Pour parvenir à des résultats durables et conformes à notre conception de la citoyenneté, faut-il mettre en place des méthodes de discriminations positives à raison de l’appartenance religieuse ou de l’origine ethnique ? Je n’en suis pas partisan , ces politiques d’inspiration anglo-saxonne pouvant être lourdes d’effets pervers, mais il faut renforcer le « ciblage » territorial et social des politiques publiques : l’Etat, les collectivités locales et leurs partenaires doivent se montrer sensiblement plus efficaces qu’aujourd’hui pour les populations qui ont le plus besoin de leur présence et de leur action. Dans le cadre de la nouvelle loi d’orientation pour l’école, on pourrait par exemple fixer pour objectif de doubler le taux de réussite des enfants issus des milieux modestes aux différents diplômes de l’enseignement secondaire et supérieur et s’en donner les moyens. Il faudrait consacrer des moyens massifs au soutien scolaire et à l’encadrement péri-scolaire des enfants des couches populaires. Les politiques de logement, elles aussi, devraient être conçues comme un véritable investissement au service de la réussite des enfants ; on sait qu’il existe une corrélation entre le nombre de pièces du logement des parents et les résultats scolaires des enfants, domaine négligé alors qu’il est décisif. En tant qu’employeur, l’Etat devra veiller également à promouvoir à des postes de responsabilité des cadres dirigeants à l’image de la diversité de notre pays. Bref, il faut remettre en route l’ascenseur social. Ces nouvelles méthodes et ces nouvelles priorités de l’action publique seront un des éléments forts du futur contrat de législature que nous devrons proposer le moment venu.

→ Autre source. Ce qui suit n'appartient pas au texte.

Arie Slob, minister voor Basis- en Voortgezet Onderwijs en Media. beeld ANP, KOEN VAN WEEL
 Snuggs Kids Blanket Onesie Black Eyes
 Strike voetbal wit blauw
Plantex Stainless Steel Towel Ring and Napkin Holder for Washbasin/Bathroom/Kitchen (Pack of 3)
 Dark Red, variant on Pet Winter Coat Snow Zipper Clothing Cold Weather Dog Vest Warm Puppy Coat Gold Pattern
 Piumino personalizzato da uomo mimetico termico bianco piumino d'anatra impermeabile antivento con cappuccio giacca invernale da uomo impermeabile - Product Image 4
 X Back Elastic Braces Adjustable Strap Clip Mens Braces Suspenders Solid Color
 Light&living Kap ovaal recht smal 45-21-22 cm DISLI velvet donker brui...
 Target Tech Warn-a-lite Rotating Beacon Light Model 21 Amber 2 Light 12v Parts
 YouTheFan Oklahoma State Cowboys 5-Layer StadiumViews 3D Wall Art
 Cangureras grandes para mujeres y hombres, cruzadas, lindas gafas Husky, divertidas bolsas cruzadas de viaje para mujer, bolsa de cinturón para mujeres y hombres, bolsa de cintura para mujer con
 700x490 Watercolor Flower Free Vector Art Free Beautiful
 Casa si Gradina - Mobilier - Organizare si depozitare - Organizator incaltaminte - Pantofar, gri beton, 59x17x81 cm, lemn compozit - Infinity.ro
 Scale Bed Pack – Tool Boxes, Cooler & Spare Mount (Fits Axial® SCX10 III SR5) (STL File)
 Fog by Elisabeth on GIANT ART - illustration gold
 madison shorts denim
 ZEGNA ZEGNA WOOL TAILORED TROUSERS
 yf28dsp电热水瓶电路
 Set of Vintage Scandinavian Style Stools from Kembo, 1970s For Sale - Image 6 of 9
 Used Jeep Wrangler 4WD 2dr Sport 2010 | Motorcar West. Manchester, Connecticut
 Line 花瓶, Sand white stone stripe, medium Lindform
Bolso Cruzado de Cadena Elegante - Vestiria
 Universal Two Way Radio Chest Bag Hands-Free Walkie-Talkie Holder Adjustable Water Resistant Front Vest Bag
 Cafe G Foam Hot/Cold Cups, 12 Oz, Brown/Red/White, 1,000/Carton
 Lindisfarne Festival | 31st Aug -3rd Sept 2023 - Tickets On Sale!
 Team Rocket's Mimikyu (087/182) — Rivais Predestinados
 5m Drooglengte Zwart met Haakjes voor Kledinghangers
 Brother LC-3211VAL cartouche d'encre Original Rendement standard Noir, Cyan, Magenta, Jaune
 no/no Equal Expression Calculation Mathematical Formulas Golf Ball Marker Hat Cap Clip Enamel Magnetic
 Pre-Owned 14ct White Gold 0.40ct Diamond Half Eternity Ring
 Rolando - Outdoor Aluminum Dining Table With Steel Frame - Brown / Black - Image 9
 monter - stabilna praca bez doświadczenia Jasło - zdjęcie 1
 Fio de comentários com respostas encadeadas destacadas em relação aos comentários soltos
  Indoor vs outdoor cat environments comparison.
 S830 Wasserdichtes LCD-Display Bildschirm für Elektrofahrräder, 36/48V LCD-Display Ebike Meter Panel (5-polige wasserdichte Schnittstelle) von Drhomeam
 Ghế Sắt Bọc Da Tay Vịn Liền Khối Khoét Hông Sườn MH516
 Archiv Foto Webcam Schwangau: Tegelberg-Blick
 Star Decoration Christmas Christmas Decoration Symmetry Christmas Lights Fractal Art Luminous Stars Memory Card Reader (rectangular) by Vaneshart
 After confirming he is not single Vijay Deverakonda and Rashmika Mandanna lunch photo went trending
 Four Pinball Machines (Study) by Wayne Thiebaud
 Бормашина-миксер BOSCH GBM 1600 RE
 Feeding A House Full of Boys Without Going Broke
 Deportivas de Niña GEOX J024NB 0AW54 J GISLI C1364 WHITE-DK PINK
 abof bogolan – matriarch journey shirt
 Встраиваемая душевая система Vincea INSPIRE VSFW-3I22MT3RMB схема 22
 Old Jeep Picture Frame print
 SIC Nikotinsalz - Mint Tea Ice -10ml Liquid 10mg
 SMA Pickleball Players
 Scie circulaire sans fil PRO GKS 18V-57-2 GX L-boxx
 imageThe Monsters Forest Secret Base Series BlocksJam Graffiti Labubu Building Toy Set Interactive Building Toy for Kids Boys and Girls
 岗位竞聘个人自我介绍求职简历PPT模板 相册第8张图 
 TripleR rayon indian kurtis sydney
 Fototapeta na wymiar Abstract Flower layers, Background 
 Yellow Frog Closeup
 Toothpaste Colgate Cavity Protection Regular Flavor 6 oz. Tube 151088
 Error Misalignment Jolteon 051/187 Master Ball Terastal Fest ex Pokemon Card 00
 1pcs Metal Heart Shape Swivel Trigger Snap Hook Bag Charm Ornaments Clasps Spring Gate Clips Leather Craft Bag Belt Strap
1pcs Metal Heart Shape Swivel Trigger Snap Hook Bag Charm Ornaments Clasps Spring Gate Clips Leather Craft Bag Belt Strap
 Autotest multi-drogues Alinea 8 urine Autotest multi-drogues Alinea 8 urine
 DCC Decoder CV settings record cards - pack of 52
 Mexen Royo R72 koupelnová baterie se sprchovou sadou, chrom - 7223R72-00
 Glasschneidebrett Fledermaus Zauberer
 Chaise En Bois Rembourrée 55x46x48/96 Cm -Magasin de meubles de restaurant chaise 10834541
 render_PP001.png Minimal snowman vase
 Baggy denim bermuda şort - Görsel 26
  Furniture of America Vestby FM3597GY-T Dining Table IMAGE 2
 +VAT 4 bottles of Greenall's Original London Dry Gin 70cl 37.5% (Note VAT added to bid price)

Gambetta le disait avec ferveur au début de la IIIème République : « ce qui constitue la vraie démocratie, ce n’est pas de reconnaître des égaux, c’est d’en faire ». La laïcité en actes, c’est cela : définir les conditions d’un « vivre ensemble » où la communauté de destin l’emporte sur les communautés d’origine, mettre en ouvre des politiques publiques qui donnent à tous leur place dans la République. L ’égalité est la poursuite de la laïcité par d’autres moyens. Quand on recule sur le premier front, on renonce sur le second. Voilà pourquoi je suis à la fois favorable à une loi sur la laïcité à l’école, à la pleine reconnaissance de la diversité religieuse de la France et à la mise en ouvre d’une ambitieuse politique éducative et sociale.